Giovedì 25 Aprile 2024

Sudan, da venditore di cammelli a presidente. La sanguinosa ascesa di Hemeti

Mohamed Hamdan è il capo di Stato de facto. Le sue milizie, già attive nel conflitto del Darfur, controllano la capitale. Stupri e stragi per reprimere il dissenso

Mohamed Hamdan (Ansa)

Mohamed Hamdan (Ansa)

Khartoum, 17 giugno 2019. L'uomo più potente del Sudan, il presidente de facto, fino a poco tempo fa era un venditore di cammelli. Se non ci fossero di mezzo accuse di genocidi e stupri di massa, la storia di Mohamed Hamdan sembrerebbe quasi una barzelletta. Una trama perfetta per una commedia brillante. Purtroppo però nell'ascesa del tenente generale c'è davvero poco di cui ridere. La carriera di Hemeti, questo il suo soprannome, inizia quando, ancora adolescente, lascia la scuola elementare per dedicarsi al commercio dei più famosi quadrupedi africani. Li vende ovunque tra Libia ed Egitto. Quando nel 2003 scoppia il conflitto del Darfur, Hamdan diventa un 'janjaweed amir', un signore della guerra. Per giustificare l'alleanza con il governo sudanese, sparge la voce che i ribelli avrebbero attaccato una carovana di venditori di cammelli, uccidendo 75 uomini e rubando 3.000 animali. “Una cifra - scrive Jérome Tubiana su Foreign Policy - ridicola rispetto alle azioni brutali di cui si macchierà. Nel 2006 ha guidato blitz armati nel Nord Darfur. Era a capo di un centinaio di uomini. Si divertivano a investire chi non era arabo con i pickup e violentavano le donne in nome della jihad”.

La fedeltà a Omar al-Bashir, il presidente del Sudan, alla fine paga. Hemeti diventa il capo delle Forze di supporto rapide (Rsf), un gruppo paramilitare incaricato di riprendere il comando dei janjaweed nel Darfur. La situazione però sfugge di mano e Hamdan comincia ad accumulare potere e risorse, saccheggiando e devastando le aree che avrebbe dovuto tenere sotto controllo. Le sue milizie vengono richiamate a Khartoum, dove cominciano a dettare legge.
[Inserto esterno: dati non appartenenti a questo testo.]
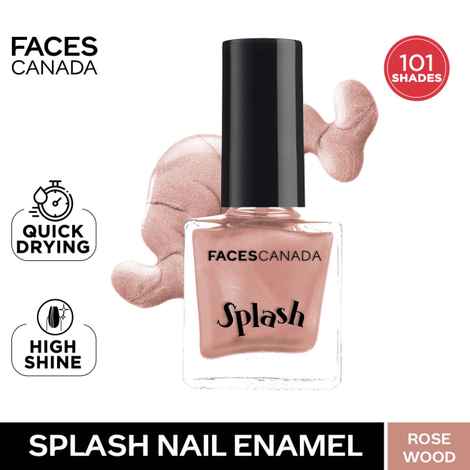 Buy Faces Canada Splash Nail Enamel | Fast Dry | High Shine | Long Lasting | No Chip Formula | No Harmful Chemicals | Shade - Rose wood 8ml - Purplle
Ci sono anche loro nel massacro del settembre 2013, quando vengono brutalmente uccisi 200 manifestanti. In poco tempo gli uomini di Hemeti diventano i pretoriani di Bashir. Mohamed è il braccio armato del presidente e comincia a gestire sempre più dossier. Anche quello della migrazione è a suo appannaggio.

Nel 2016 l'Europa decide di iniziare a cooperare con il Sudan per fermare i flussi di profughi. Le Rsf si mettono in moto per intercettare aspiranti rifugiati in tutto il Corno d'Africa che si dirigono verso la Libia. Chi viene catturato viene mostrato in tv. Il messaggio è diretto alla Ue: “Siamo noi gli uomini giusti per fare questo lavoro”. Ma c'è il trucco. “Appena si spegnevano i riflettori – racconta Tubiana – quei migranti venivano subito rivenduti ai trafficanti libici”.
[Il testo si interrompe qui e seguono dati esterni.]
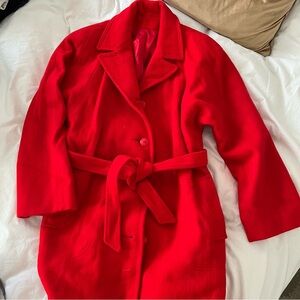 Vintage JULI de ROMA Red Pea Coat Trench Coat
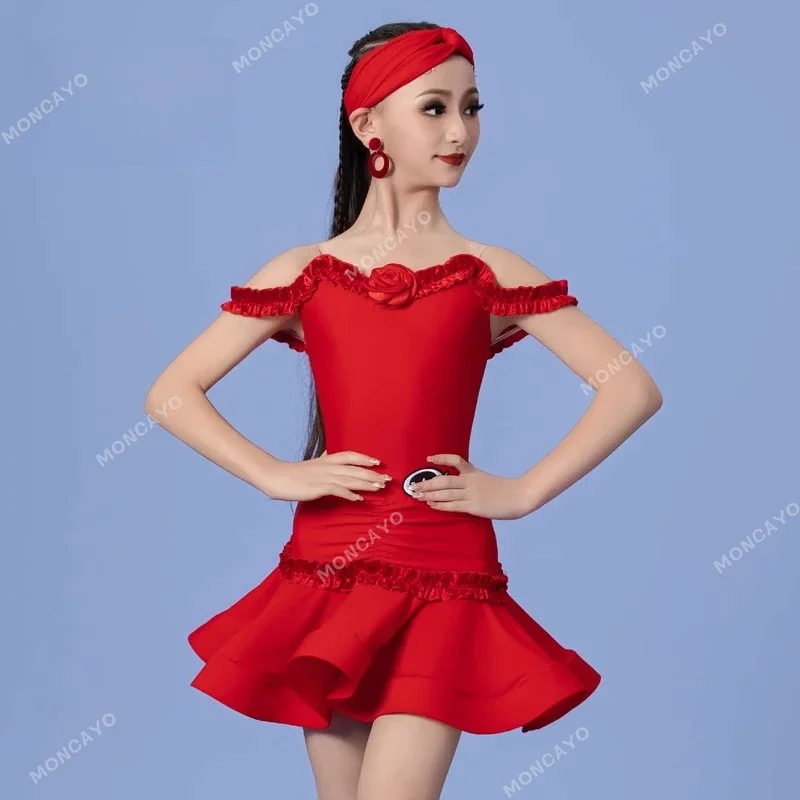 

Children Latin Dance Dress Girls Latin Practice Dress Dance Clothes Kids Competition Ballroom Dress Standard Latin Dance Skirt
Nel frattempo a Khartoum cresce lo scontento nei confronti di Bashir. Quando la pressione diventa troppa, Hemeti scarica il presidente-mentore e diventa di fatto il nuovo leader del Sudan. Nessuno, se vuole ottenere qualcosa dallo Stato africano, corre a stringere la mano al capo del consiglio militare di transizione, il semisconosciuto Abdel Fattah al-Burhan (tra l'altro scelto proprio da Mohamed). Ambasciatori e imprenditori si rivolgono direttamente a Hemeti, che in teoria sarebbe il suo vice. Con quindicimila uomini asserragliati nella capitale e altri 35mila fedelissimi sparsi su tutta la nazione il suo controllo sul Paese è assoluto. Autorità che viene esercitata senza andare troppo per il sottile. Secondo il New York Times, alcuni dei cadaveri dei manifestanti uccisi a Khartoum nei giorni scorsi – si parla di almeno 118 vittime - sarebbero stati gettati nel Nilo. I sudanesi, dopo aver cacciato Bashir, volevano nuove e libere elezioni. Una transizione non gradita ai generali. Hamdan ha così approfittato della situazione di stallo per iniziare a reprimere nel sangue il dissenso. “Per anni Hemeti ha ammazzato e devastato il Darfur. Ora – commenta sconsolata Alaa Salah, figura chiave dei cortei anti regime – il Darfur è arrivato a Khartoum”. Nel suo ufficio, circondato da spade dorate, servitù e medaglie al valore, Hamdan tenta di giustificarsi. “I manifestanti ci stavano provocando. Ci mostravano i loro attributi. Se non fossi al comando – ha detto al New York Times in una rara intervista a un media occidentale – la nazione sarebbe perduta”. La parlantina da venditore di cammelli, evidentemente, non è andata persa.